Monday, February 11, 2013

Grannies, gun-bongs and a gate remote in your ass!


Through the throng, we can just make out the door opening, and two older ladies come wobbling out of the door to the Puma Social Club.
            In fedoras and that short, blond hairdo that you get. A little shambly, but loving it like they don’t get out much.
            Then comes the chirp of the night.
            “No! I didn’t stand in line for two hours to see two grannies come out of the club!”
            Ha! LOLs to the fkn max and true that. But the fact is, the ninja with the one-liners probably stood in line closer to three hours to get into tonight’s party.
            Mercifully there aren’t too many grannies in there.
            This is how the non-VIPs experience the Puma Social Club. Inching along a pavement in De Korte street in a crushing hell-scrum of humanity. I arrived at 7.45pm and got in at 10.39. By that stage I was so psychologically broken, I was actually disappointed. I’d been hoping to crack the full three hours.
            But bouncer dude must’ve liked my polite groove and he ushered me in with six or seven others.
  
       That line was a thing, hey. Girls huddled round their Blackberrys, their cleavages illuminated in the glow, kids firing up chrome, multi-cone bongs like revolvers, street hobos joyfully bitchslapping hipsters...
            All within one-square metre of humanity.
            Misinformation campaigns about “five-rand tequila shots at Great Dane. Right now! You guys should go!”
            Some homie in a basketball vest explaining to Laurie Levine how the music industry works as we take a step to just below the 79 De Korte sign.

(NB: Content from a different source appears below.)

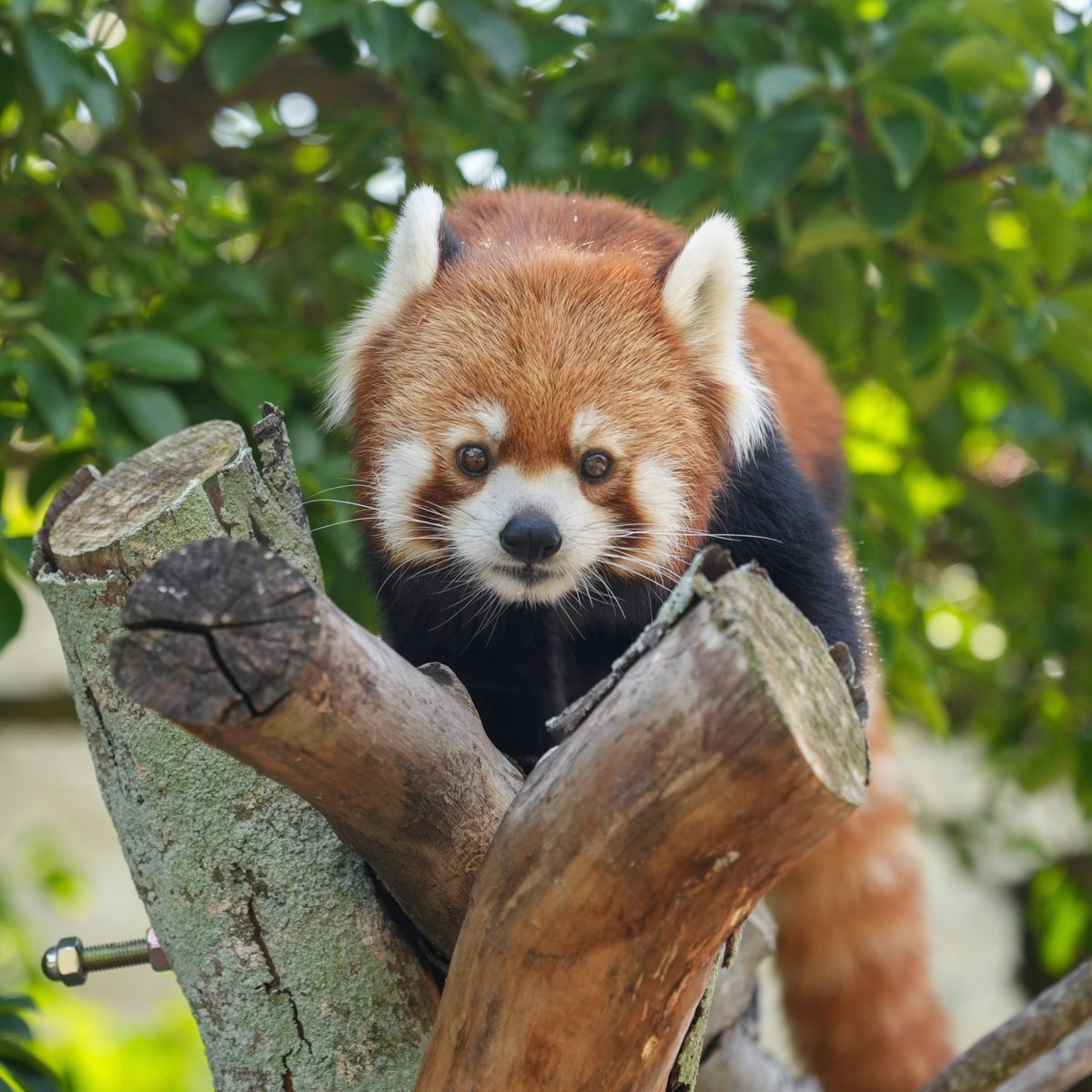 tabukkoy's tweet photo. 姉妹そろって目ヂカラ美パンダ
(2026.10.1 撮影)
#九十九島動植物園森きらら #森きらら #レッサーパンダ #メイファ https://t.co/nIEmJKhUSj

            “Dog, I’m Zulu. I ain’t got time for this bullshit,” at about 1.15 from these guys in the gym vests calling each other sbali, “Right, my dragon?” as we reach the sign outside the SD Bhubha Driving School.
            The guys from PE leave to try Gin after about two hours, but the rest of us stick it out, tempers miraculously in check. Even when drunk street homie barges and slaps his way past 200 people and expects to get in.
            Some guy who should be a hostage negotiator calmly talks him down and convinces him to leave the queue, while the rest of us joke about, “Dude, is he even registered on the website.”
            Like running a marathon, queuing for three hours is as much a psychological as a physical challenge. You’ve got to fight the urge to quit, resist getting bleak and ruining your own evening and by Christ, hope your phone battery lasts. The all of us are huddled around our communicators like braziers in a blizzard.
            Security are professional to the last and we feel like we’re at least being treated like people, even if there is an element of cattle at an abattoir to this thing.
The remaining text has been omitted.